■ AVAILABLE DATA
************
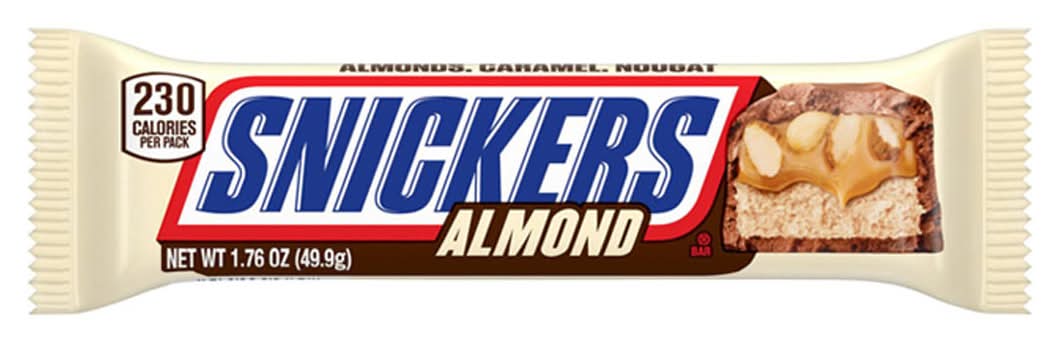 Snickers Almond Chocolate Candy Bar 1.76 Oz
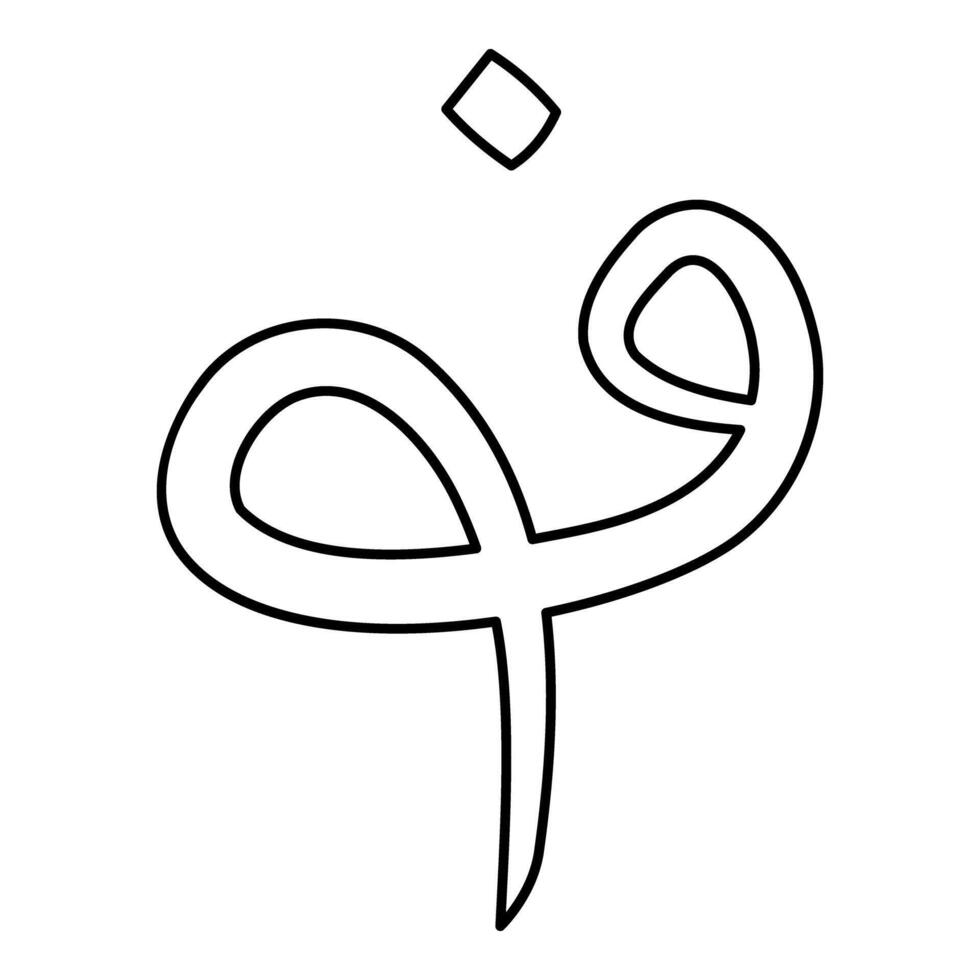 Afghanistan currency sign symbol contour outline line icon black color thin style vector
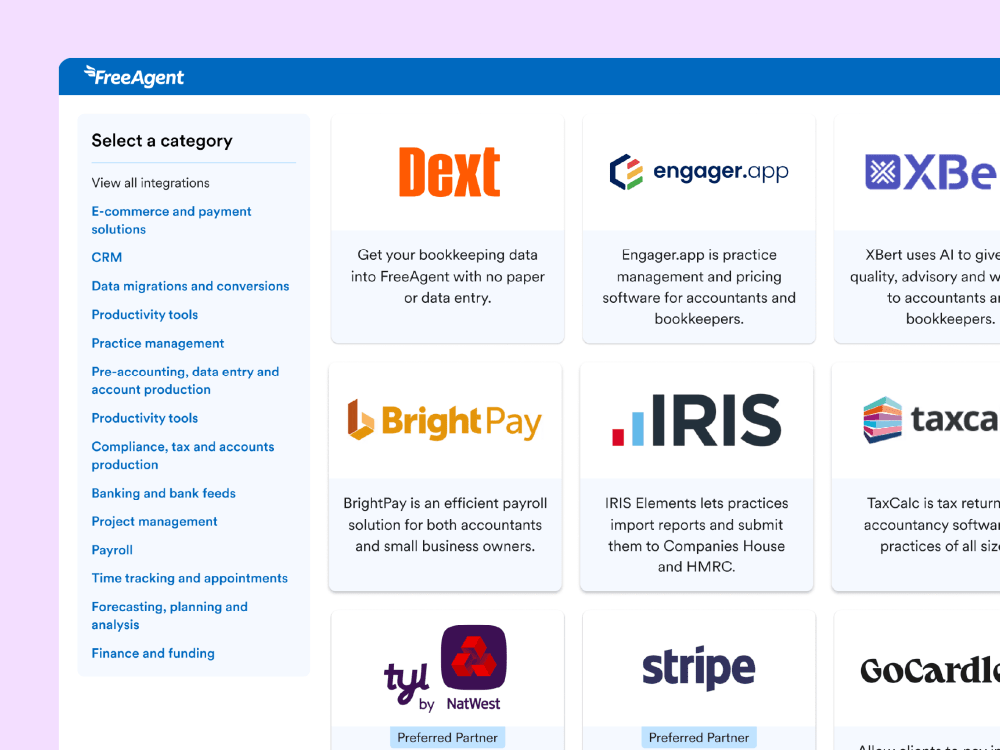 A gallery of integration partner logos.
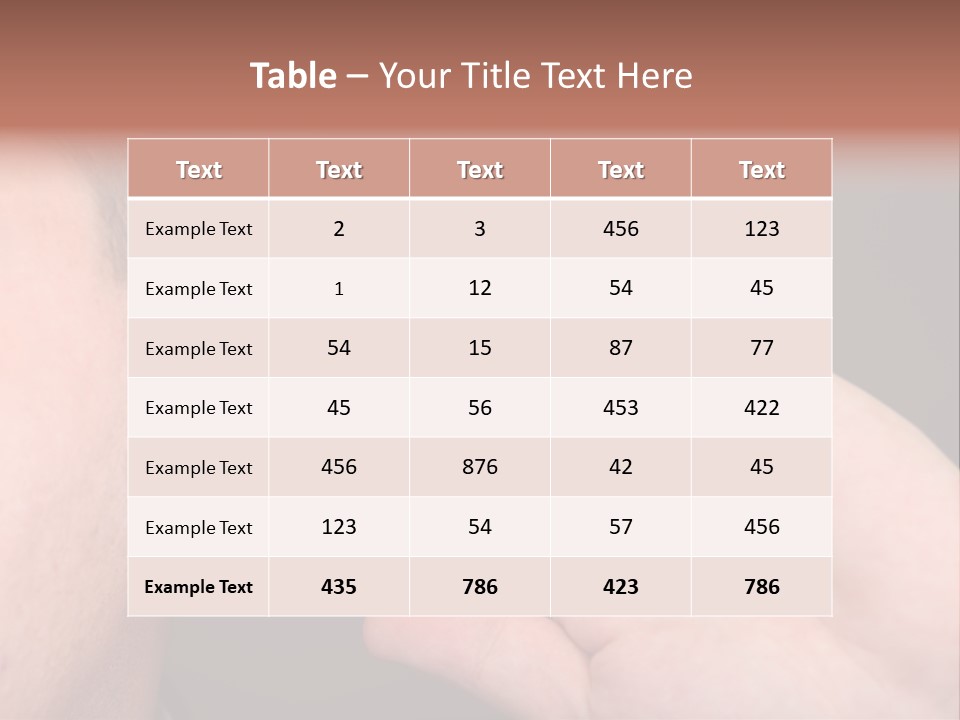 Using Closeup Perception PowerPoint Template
************
■ ASSIGNED TASK
Give the data above back unchanged, except for the pictures.

■ REPLY
 Snickers Almond Chocolate Candy Bar 1.76 Oz
 Afghanistan currency sign symbol contour outline line icon black color thin style vector
 A gallery of integration partner logos.
 Using Closeup Perception PowerPoint Template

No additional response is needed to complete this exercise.